Pewnie już ładujesz na sanie worki z prezentami i wybierasz się w nasze strony. Pamiętaj proszę o mnie i przywieź mi w tym roku jeden prezent – umiejętność rozmawiania. Prawdziwego. Taką zdolność dobierania słów, żeby rozmowa była rzeczywistą rozmową i wzmacniała więź z drugą osobą, zamiast wznosić mur i zapory obronne. Nie proszę Cię o nową kurtkę, o bilety do teatru czy pierścionek. Nie chcę książki, choinki zrobionej na szydełku czy ręcznie robionych pierniczków. Proszę Cię „tylko” o tę jedną rzecz. Umiejętność rozmawiania, dzięki której będę potrafiła dbać o więź z ludźmi na mojej codziennej drodze. Zarówno z tymi bliskimi na co dzień, jak i z tymi bliskimi przez moment.

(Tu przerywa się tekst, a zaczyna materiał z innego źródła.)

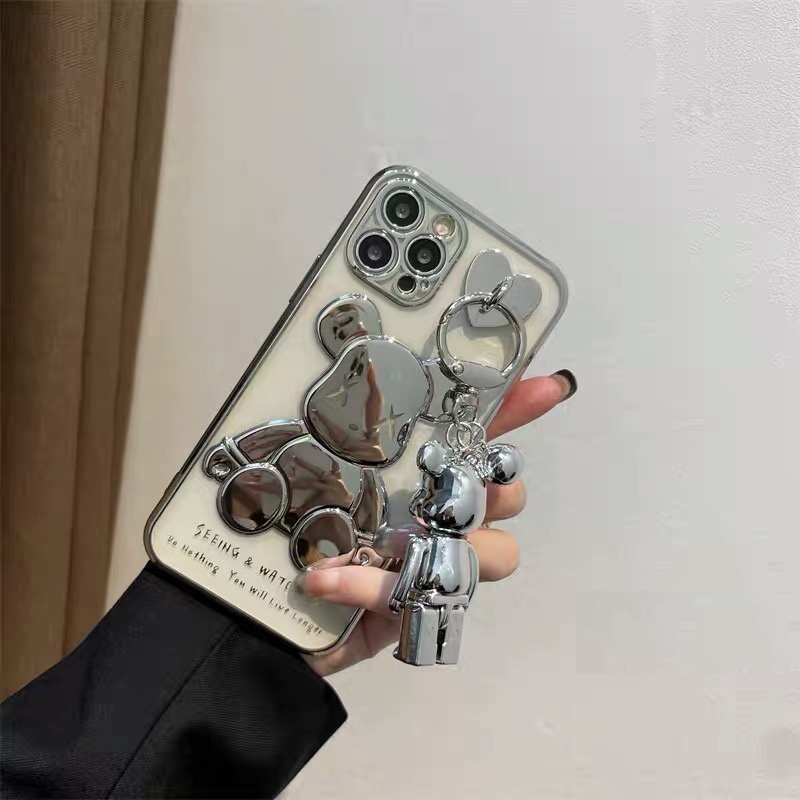 Ốp điện thoại mềm trong suốt in hình gấu có móc khóa thích hợp cho iphone 12 11 pro max xs xr x 7plus 13 promax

Abym umiała rozmawiać z ludźmi w sposób, który ich nie rani, tak by docierać do rzeczywistych potrzeb i uczuć drugiego człowieka. Żebym potrafiła się z nimi kontaktować, być blisko i żyć w zgodzie. Abym potrafiła oprzeć się pokusie oceniania i osądzania ludzi. Wiem, jak boli mnie cudza krytyka i ocena. A przecież nie chcę ranić! Żebym nie rozmawiała twierdząc, że wiem coś lepiej. Żebym umiała pytać.
Kochany Mikołaju, przywieź mi proszę umiejętność empatycznego rozmawiania – nie pocieszania, nie dawania dobrych rad i nie litowania się czy obracania problemów w żarty. Zdolność skupienia się na drugim człowieku, dotarcia do jego potrzeb. Tych prawdziwych. Umiejętność słuchania drugiej osoby z całą uwagą. Rozpoznawania, kiedy moja obecność i milczenie potrzebne są bardziej niż słowa. Umiejętność rozmowy, dzięki której będzie mi do drugiego człowieka bliżej, nie zaś dalej. Umiejętność docierania do potrzeb swoich i innych, dzięki czemu szybciej zbuduję „pomost między naszymi sercami”.
Kochany Mikołaju. Jeśli przywieziesz mi z Laponii wymarzony prezent – spędzę Święta Bożego Narodzenia w atmosferze radości, bliskości i miłości. Czy NAPRAWDĘ mogłabym zamiast tego chcieć nową książkę?